__Task item__: The records below are to be quoted in full; please keep every word exact.

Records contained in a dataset

----------

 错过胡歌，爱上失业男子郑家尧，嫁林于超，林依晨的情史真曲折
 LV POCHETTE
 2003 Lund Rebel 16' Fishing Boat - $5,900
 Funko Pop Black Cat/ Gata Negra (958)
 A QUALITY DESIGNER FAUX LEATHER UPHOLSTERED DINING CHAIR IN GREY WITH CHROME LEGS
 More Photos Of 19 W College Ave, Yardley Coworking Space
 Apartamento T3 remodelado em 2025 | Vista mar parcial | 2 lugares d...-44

----------

__Exercise output__:
 错过胡歌，爱上失业男子郑家尧，嫁林于超，林依晨的情史真曲折
 LV POCHETTE
 2003 Lund Rebel 16' Fishing Boat - $5,900
 Funko Pop Black Cat/ Gata Negra (958)
 A QUALITY DESIGNER FAUX LEATHER UPHOLSTERED DINING CHAIR IN GREY WITH CHROME LEGS
 More Photos Of 19 W College Ave, Yardley Coworking Space
 Apartamento T3 remodelado em 2025 | Vista mar parcial | 2 lugares d...-44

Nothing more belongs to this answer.